Puerile ideas and passable music
Biwi No 1
The music of Biwi No 1 suits David Dhawan's claims to pure (and puerile) family entertainment. It's the only film the industry had the guts to release during the cricket season, and its male chauvinism outraged many critics.
The title track starts off with a rock-style intro and goes on to try out a lot of effects on the synthesiser. Sung by Abhijeet and Poornima, it makes good use of the bass guitar and violins to blend Indian and Western styles. The variety of sounds in the background make it one of the better numbers.
Ishq Sona Hai shows Anu Malik's skill in creating impressive intros. It starts off with western drums and brings in the high notes of the piano and the flute to make it a bubbly rendition by Hema Sardesai and Shankar Mahadevan. The background music in this song is more noteworthy than its lyrics or melody. A rhythmic number with accoustic guitar phrases in the interludes, this one's okay.
Chunari chunari, sung by Anuradha Sriram and Abhijeet, is a dandiya-type folksy number that is synthesised to make it a dance track. Abhijeet is the kind of singer who blends effortlessly into the mood of the songs he sings. Anuradha Sriram's voice, however, sounds like the tape was fast-forwarded while she was singing her bit. It doesn't jar, no, but her voice leaves much to be desired in terms of body.
Anu Malik displays his penchant for composing dance tracks with Hai hai mirchi. Tending to a techno-beat but retaining an innate Indianness thanks to Sukhwinder Singh's voice and a saucy flute and lots of fast-paced drums, this song is simple and well executed.

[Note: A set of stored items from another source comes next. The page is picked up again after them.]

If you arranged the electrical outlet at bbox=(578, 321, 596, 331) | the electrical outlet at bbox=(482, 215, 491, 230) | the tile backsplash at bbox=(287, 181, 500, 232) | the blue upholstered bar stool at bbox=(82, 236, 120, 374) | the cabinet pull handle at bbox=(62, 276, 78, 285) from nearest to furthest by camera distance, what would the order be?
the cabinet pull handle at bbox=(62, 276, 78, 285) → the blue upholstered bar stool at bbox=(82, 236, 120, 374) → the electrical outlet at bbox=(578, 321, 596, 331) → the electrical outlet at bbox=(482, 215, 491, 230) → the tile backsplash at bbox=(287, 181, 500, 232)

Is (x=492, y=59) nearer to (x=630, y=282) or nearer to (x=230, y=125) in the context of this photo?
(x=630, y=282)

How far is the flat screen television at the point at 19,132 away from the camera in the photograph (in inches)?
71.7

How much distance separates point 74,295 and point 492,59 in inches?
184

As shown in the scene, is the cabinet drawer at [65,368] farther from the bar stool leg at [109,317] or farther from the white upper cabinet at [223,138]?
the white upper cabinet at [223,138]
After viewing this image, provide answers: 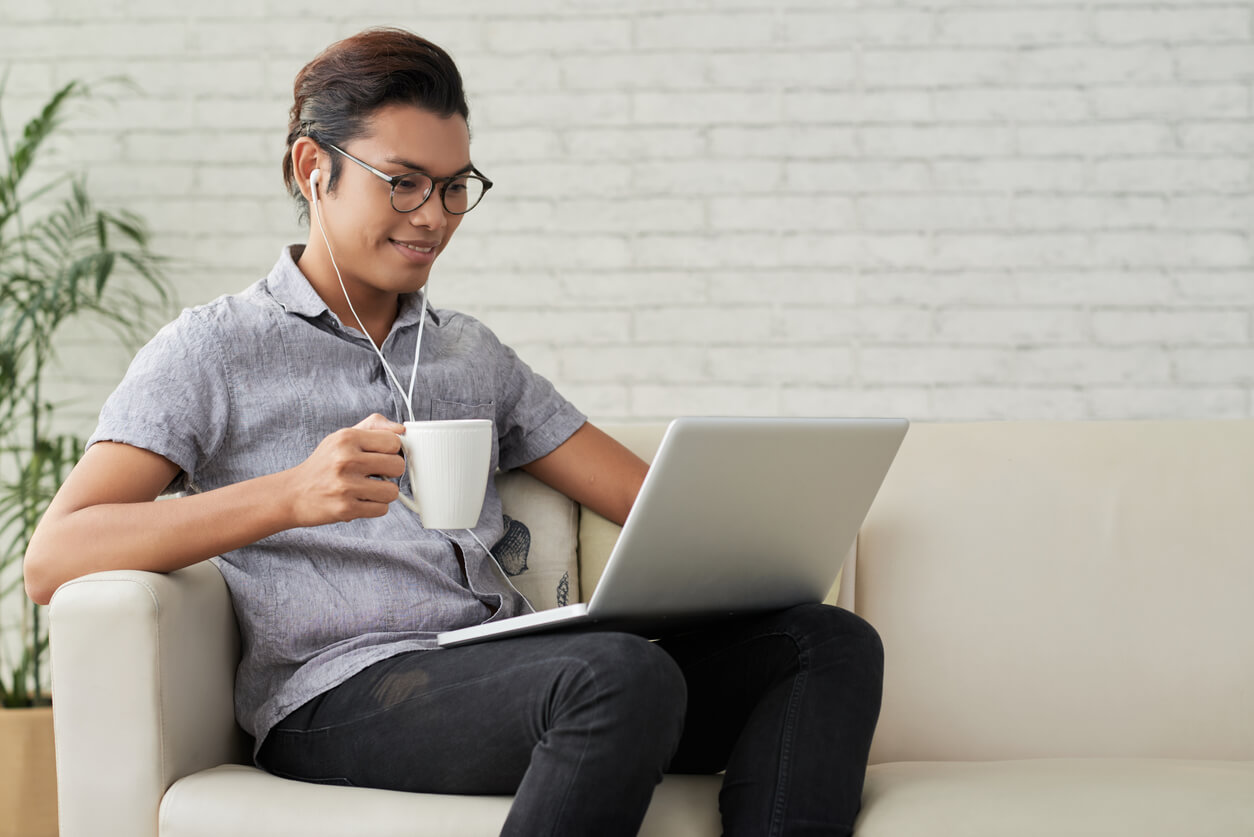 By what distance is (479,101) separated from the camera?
267cm

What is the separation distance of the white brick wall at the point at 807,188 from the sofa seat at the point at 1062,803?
129 centimetres

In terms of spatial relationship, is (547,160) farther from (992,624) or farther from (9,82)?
(992,624)

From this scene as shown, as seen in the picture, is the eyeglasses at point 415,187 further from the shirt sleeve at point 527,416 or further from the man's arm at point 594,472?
the man's arm at point 594,472

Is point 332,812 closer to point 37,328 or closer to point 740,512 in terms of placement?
point 740,512

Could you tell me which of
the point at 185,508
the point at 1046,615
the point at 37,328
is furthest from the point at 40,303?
the point at 1046,615

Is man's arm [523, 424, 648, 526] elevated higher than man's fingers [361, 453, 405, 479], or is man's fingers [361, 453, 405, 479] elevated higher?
man's fingers [361, 453, 405, 479]

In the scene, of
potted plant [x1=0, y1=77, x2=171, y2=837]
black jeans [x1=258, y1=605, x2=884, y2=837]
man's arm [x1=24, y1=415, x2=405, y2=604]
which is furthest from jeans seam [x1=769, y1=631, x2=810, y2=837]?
potted plant [x1=0, y1=77, x2=171, y2=837]

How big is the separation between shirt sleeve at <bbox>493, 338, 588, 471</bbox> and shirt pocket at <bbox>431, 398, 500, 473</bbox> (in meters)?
0.04

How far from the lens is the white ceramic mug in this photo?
1.17m

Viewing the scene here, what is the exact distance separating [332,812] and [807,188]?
184 centimetres

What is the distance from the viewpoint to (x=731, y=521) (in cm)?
121

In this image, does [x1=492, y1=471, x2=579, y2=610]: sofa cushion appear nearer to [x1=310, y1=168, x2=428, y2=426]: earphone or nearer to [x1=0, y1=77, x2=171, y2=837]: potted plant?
[x1=310, y1=168, x2=428, y2=426]: earphone

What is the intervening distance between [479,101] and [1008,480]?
155 centimetres

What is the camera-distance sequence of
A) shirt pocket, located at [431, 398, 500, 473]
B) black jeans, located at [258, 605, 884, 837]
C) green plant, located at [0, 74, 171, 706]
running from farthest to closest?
green plant, located at [0, 74, 171, 706], shirt pocket, located at [431, 398, 500, 473], black jeans, located at [258, 605, 884, 837] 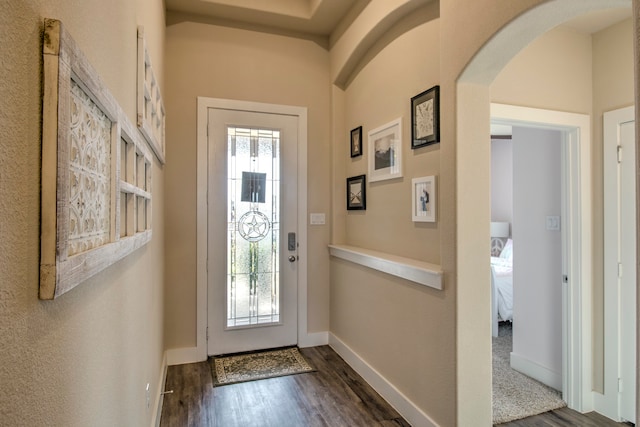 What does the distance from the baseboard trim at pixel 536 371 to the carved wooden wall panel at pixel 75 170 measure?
3290 millimetres

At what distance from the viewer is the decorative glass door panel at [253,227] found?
340 cm

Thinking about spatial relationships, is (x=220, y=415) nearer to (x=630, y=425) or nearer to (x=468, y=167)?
(x=468, y=167)

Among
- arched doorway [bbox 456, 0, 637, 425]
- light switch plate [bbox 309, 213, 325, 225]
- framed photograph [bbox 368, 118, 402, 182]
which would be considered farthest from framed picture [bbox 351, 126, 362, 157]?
arched doorway [bbox 456, 0, 637, 425]

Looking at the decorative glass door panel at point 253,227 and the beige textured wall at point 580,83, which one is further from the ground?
the beige textured wall at point 580,83

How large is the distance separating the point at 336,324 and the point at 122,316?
2.58 meters

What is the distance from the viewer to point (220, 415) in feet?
7.84

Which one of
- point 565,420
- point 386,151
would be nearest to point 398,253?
point 386,151

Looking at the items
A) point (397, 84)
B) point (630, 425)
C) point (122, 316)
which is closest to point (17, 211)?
point (122, 316)

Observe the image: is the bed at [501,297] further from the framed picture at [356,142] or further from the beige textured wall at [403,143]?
the framed picture at [356,142]

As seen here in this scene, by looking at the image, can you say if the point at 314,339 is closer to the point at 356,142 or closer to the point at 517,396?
the point at 517,396

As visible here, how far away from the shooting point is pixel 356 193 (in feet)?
10.9

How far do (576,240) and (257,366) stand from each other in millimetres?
2765

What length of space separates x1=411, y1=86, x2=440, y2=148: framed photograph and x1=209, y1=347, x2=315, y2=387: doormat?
83.6 inches

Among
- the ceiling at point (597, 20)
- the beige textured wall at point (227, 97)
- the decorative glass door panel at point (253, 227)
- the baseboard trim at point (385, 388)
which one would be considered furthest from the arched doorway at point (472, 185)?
the decorative glass door panel at point (253, 227) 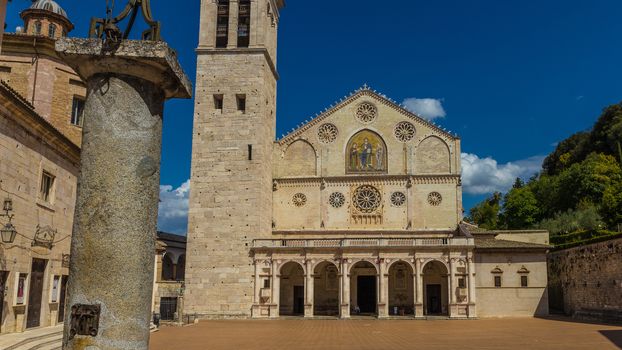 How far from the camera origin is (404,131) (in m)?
43.9

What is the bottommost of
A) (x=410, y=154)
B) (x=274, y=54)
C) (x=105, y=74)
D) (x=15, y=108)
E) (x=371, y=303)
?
(x=371, y=303)

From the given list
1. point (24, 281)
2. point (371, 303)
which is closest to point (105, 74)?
point (24, 281)

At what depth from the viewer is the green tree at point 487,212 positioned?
264 ft

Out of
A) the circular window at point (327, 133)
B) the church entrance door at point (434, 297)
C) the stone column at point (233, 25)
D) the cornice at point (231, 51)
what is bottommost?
the church entrance door at point (434, 297)

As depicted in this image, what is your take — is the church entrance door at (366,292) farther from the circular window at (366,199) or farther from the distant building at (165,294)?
the distant building at (165,294)

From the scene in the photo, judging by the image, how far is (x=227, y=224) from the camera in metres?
38.9

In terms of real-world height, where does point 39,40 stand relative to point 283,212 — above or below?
above

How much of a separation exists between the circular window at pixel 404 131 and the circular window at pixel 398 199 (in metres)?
4.20

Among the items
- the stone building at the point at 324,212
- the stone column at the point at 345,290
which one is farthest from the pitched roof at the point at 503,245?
the stone column at the point at 345,290

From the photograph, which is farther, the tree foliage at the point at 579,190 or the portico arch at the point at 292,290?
the tree foliage at the point at 579,190

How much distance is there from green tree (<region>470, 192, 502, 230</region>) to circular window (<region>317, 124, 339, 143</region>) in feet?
131

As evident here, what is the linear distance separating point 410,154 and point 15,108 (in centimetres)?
3139

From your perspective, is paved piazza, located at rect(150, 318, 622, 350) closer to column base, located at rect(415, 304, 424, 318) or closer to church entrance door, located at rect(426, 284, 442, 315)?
column base, located at rect(415, 304, 424, 318)

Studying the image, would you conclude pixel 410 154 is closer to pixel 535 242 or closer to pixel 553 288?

Jungle hai aadhi raat hai, is a light seductive number, with nursery rhyme-like lyrics. Hema Sardesai's voice has come to be the trademark of the tease. Pleasant use of the accordion here. Reminds one of Aqua's Dr Jones… it's the same mood.
One song that stands out for its good lyrics is Mehboob mere. Sung by Sukhwinder Singh and Alka Yagnik to a fast beat not very different from Michael Jackson's They don't really care about us. The song starts off and ends with an azaan-like call and is interspersed with Arabian-style phrases.
The other two tracks in the album are eminently forgettable. Mujhe maaf karna, sung by child artistes Aditya Narayan and Anmol, together with Abhijeet and Alka Yagnik, aims to be a tearjerker, but leaves one wholly unmoved. Even the use of wailing violins doesn't evoke the pathos that the lyrics suggest.
Aan milo ya milne se has mediocre melody and lyrics, but is redeemed somewhat by good use of the bass guitar and the saxophone. Compared to the rest of the bass-heavy songs, this is the only number that sounds remotely soft and romantic.